The latter show will be a co-production with Manchester International Festival, which draws attention to another interesting aspect of Norris’ vision: a ‘commitment to regional relationships’. Although it’s certainly beneficial to Londoners, there can’t be any doubt that so far the National Theatre has been less national than it ought to be. Touring shows and NT Live are steps in the right direction, but Norris and Ross are evidently looking to speed things up. Apart from wonder.land theatregoers can also expect co-productions with solid partners like the Bristol Old Vic, the Royal Exchange in Manchester and touring company Headlong.
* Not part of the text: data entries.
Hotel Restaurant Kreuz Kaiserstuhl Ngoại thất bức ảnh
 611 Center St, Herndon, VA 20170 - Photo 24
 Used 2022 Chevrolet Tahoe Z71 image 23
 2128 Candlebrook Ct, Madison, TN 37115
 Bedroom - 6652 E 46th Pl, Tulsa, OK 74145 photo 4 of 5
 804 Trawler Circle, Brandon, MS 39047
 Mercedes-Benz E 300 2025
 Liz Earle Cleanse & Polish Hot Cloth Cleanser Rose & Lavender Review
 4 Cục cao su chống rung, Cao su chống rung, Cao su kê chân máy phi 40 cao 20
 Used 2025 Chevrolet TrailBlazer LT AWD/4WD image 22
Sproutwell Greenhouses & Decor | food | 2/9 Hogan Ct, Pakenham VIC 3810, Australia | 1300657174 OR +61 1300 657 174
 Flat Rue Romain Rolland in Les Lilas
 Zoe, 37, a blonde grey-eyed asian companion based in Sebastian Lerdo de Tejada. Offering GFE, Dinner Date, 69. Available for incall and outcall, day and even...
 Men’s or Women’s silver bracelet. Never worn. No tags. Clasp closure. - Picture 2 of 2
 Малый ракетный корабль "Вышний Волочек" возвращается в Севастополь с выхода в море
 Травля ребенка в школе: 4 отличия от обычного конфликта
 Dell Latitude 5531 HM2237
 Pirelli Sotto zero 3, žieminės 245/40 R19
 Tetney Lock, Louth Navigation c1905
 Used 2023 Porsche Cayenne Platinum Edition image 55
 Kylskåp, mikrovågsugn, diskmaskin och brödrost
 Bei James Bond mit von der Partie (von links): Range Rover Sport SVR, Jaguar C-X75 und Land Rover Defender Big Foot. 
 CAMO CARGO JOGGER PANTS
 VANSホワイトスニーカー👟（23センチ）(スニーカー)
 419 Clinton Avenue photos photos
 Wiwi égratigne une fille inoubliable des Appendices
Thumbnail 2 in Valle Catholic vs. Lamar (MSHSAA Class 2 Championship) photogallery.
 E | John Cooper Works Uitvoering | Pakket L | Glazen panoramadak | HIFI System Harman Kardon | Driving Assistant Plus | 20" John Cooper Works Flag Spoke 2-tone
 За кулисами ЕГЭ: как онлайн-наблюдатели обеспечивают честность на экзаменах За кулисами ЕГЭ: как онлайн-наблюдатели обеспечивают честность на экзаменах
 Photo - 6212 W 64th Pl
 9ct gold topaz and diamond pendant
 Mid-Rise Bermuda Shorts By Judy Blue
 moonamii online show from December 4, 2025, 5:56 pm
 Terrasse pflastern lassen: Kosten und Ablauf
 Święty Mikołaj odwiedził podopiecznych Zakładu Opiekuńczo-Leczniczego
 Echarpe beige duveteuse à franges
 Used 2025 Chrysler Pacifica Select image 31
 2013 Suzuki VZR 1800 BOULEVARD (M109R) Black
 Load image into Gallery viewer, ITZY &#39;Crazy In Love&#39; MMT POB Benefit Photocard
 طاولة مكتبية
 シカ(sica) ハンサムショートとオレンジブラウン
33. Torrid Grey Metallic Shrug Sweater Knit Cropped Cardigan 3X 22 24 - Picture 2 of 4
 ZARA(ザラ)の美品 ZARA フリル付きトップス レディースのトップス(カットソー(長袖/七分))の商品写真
Solid partners will be found within the organisation itself as well: both Marianne Elliott, of War Horse fame, and Ben Power, responsible for the 2014 adaptation of Medea, stay on as associates. Fresh faces Paule Constable, Tom Morris, Dominic Cooke and Lyndsey Turner might be new to the team, but are all established names. At least for now then, the signs point towards a tenure that will be characterised more by quality and solidity rather than by adventure and experiment.

But who knows what else Norris might have hidden up his sleeve? And in any case, no one is really expecting him to follow in Hytner’s footsteps. As the man himself so eloquently said in an interview with Michael Billington, ‘it's not like Rufus has to fill my shoes. I'm taking my shoes with me.’